[Collected data]
———
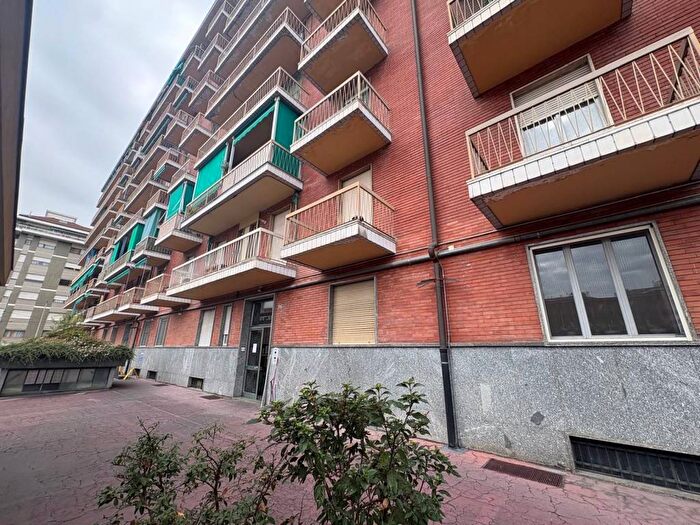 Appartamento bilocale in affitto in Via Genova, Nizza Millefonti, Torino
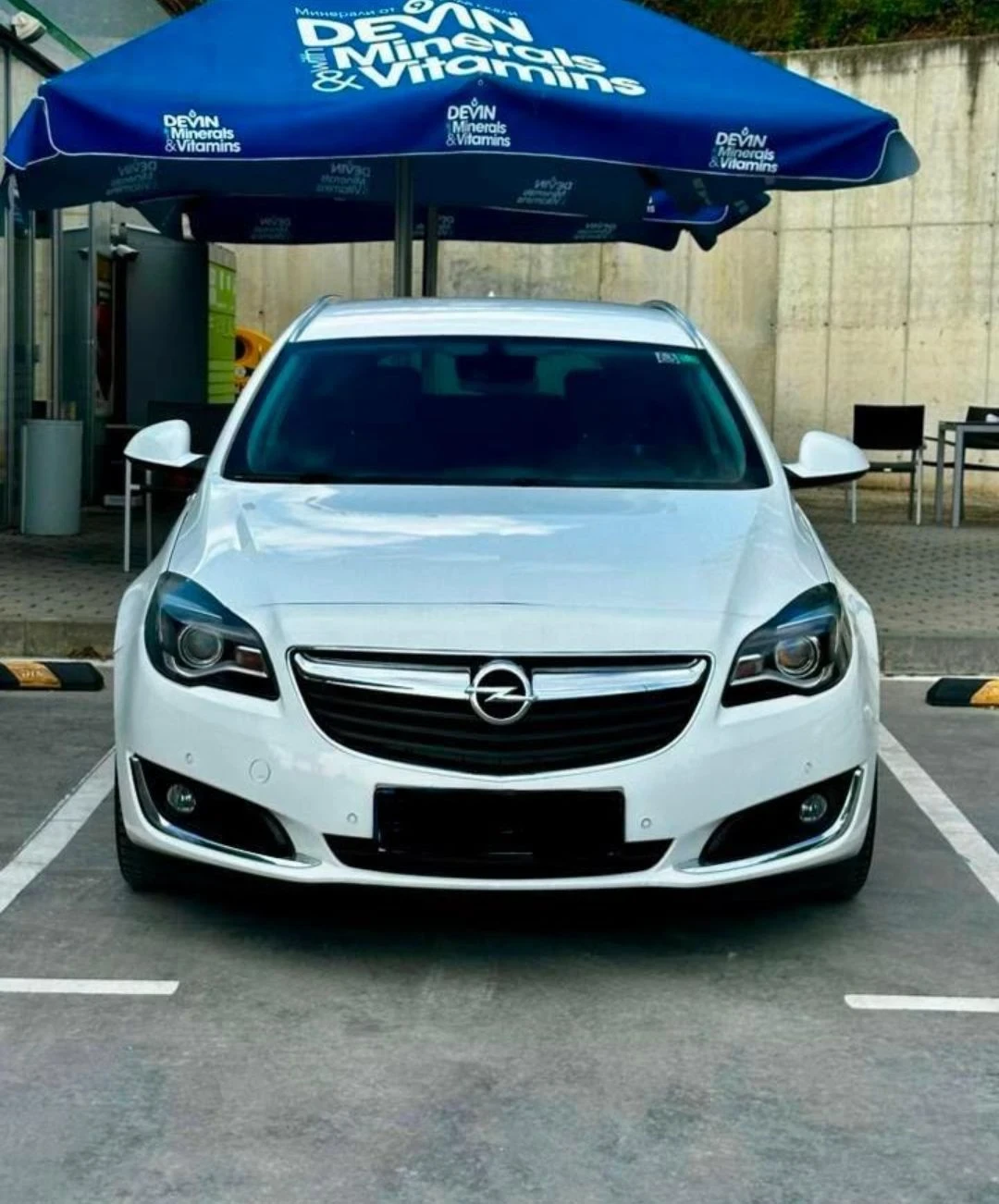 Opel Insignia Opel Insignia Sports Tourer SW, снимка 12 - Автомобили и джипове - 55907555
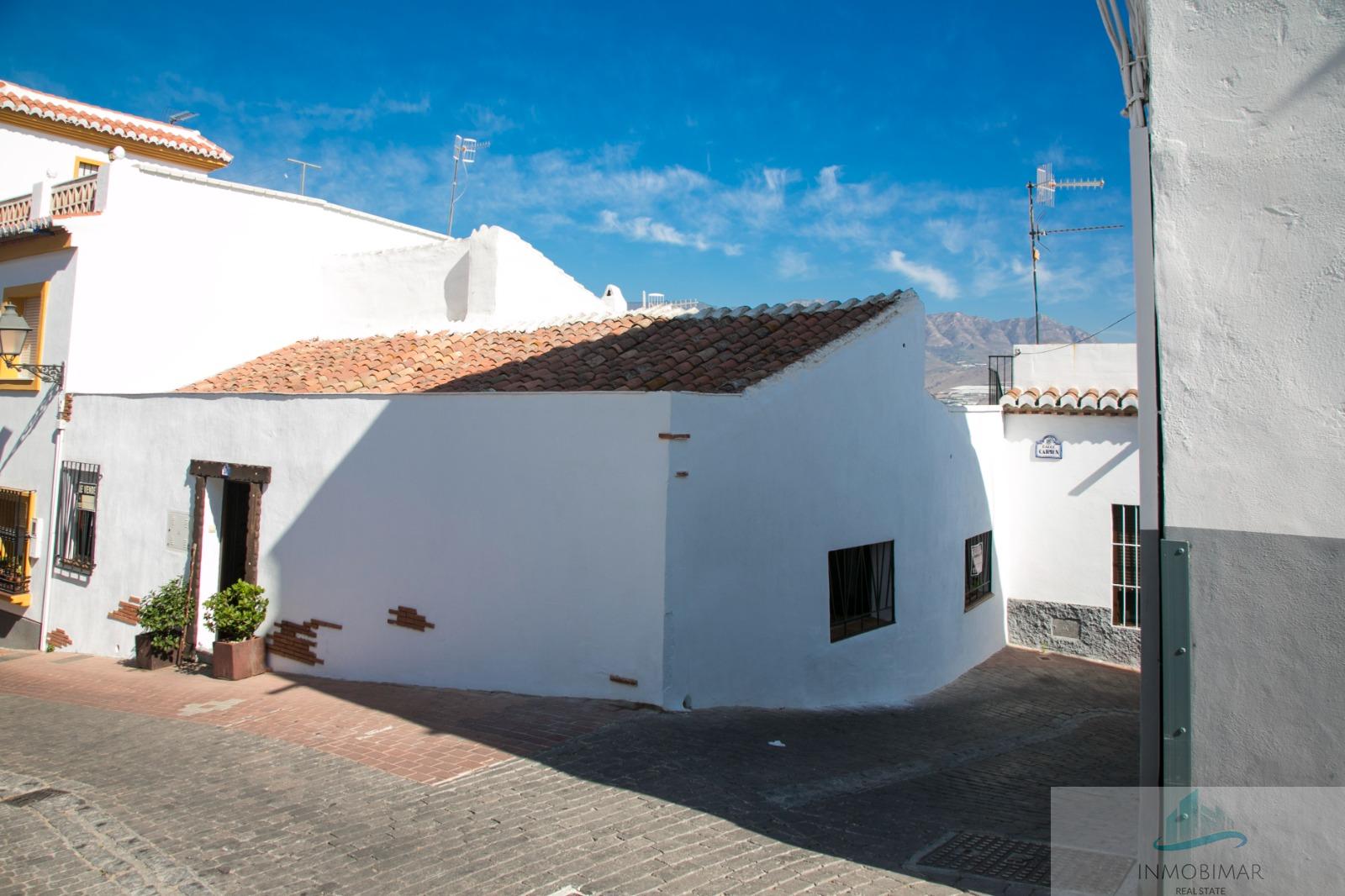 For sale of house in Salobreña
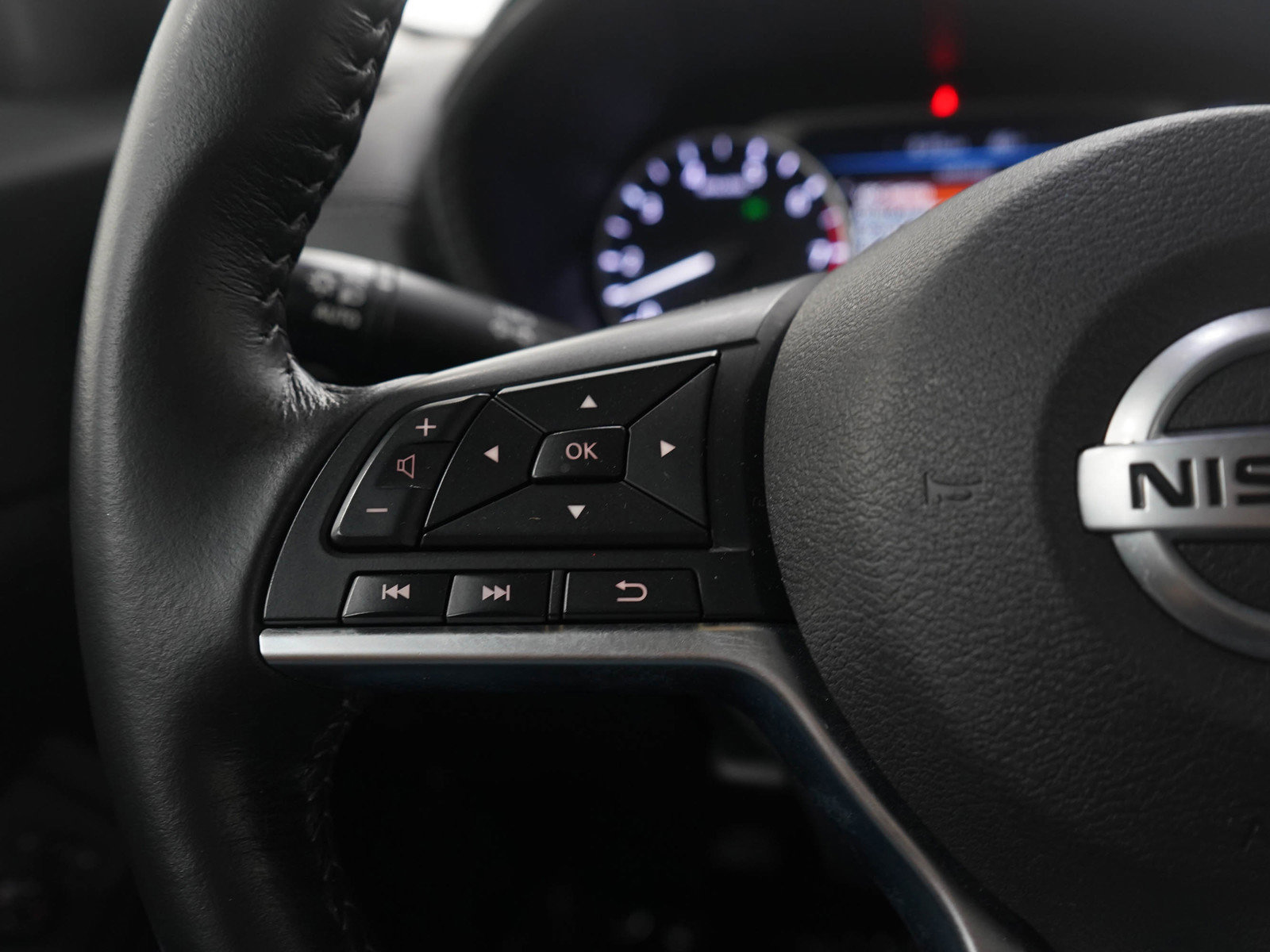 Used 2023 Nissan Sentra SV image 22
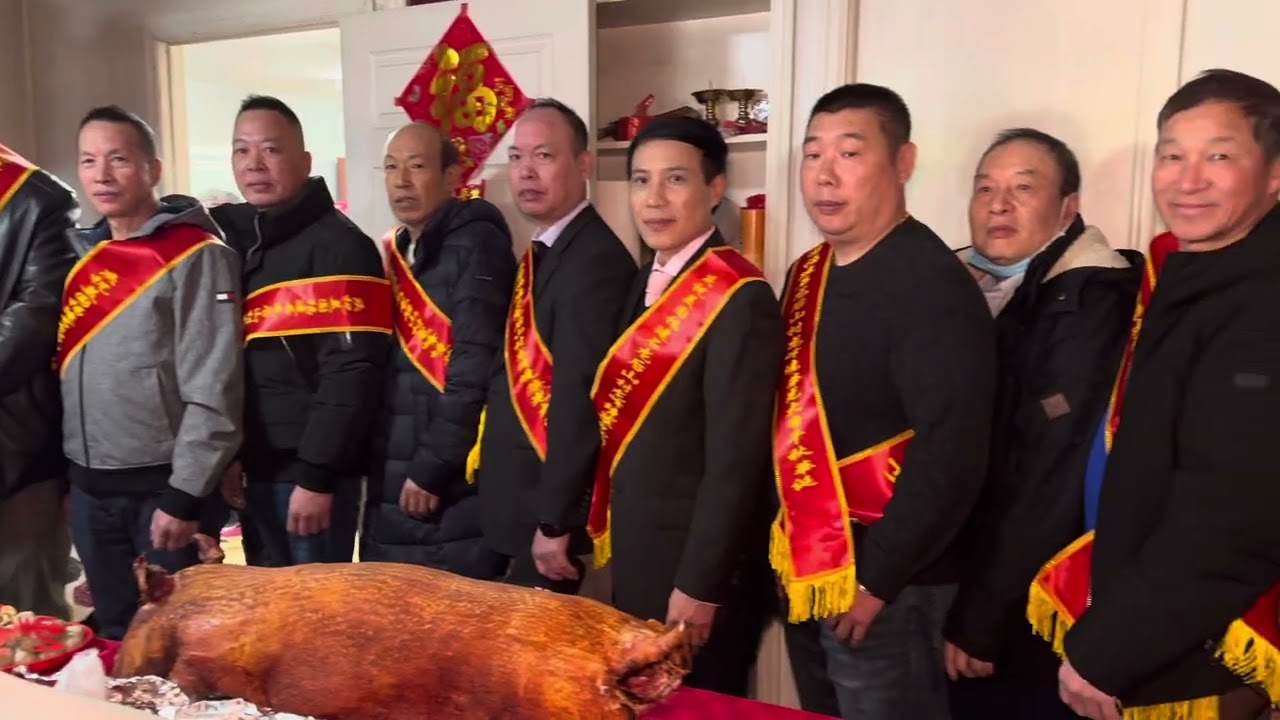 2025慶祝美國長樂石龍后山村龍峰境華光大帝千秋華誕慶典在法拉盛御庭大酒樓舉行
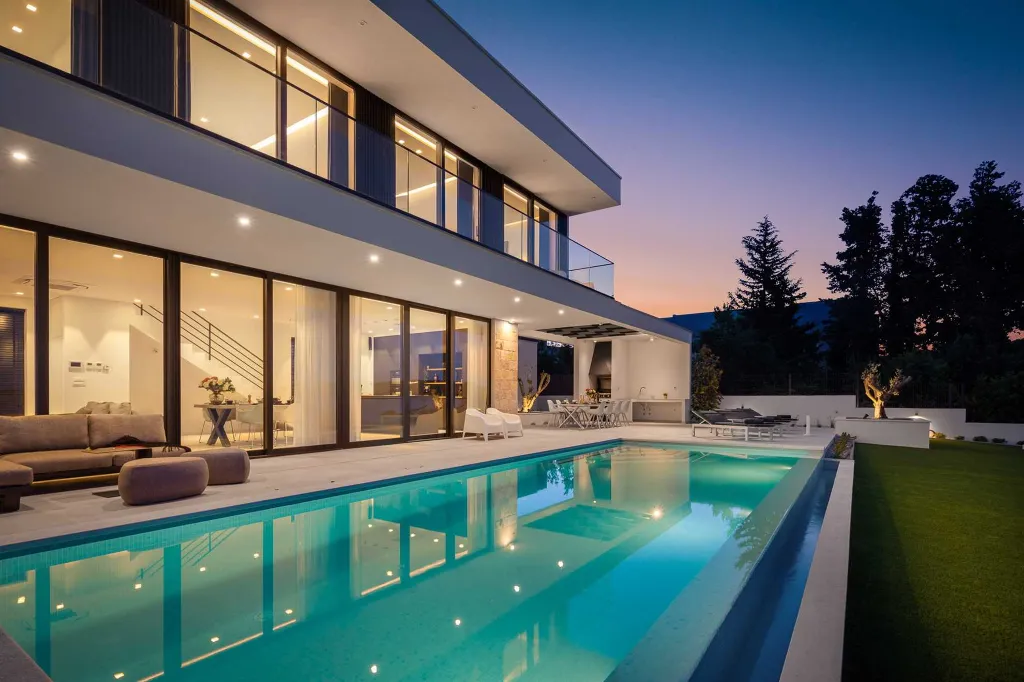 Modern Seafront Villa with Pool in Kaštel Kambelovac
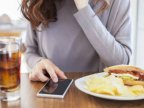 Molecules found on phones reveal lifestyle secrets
———
• [What to work on] A verbatim printout of the entries above is expected, free of pictures.

• [Response]
 Appartamento bilocale in affitto in Via Genova, Nizza Millefonti, Torino
 Opel Insignia Opel Insignia Sports Tourer SW, снимка 12 - Автомобили и джипове - 55907555
 For sale of house in Salobreña
 Used 2023 Nissan Sentra SV image 22
 2025慶祝美國長樂石龍后山村龍峰境華光大帝千秋華誕慶典在法拉盛御庭大酒樓舉行
 Modern Seafront Villa with Pool in Kaštel Kambelovac
 Molecules found on phones reveal lifestyle secrets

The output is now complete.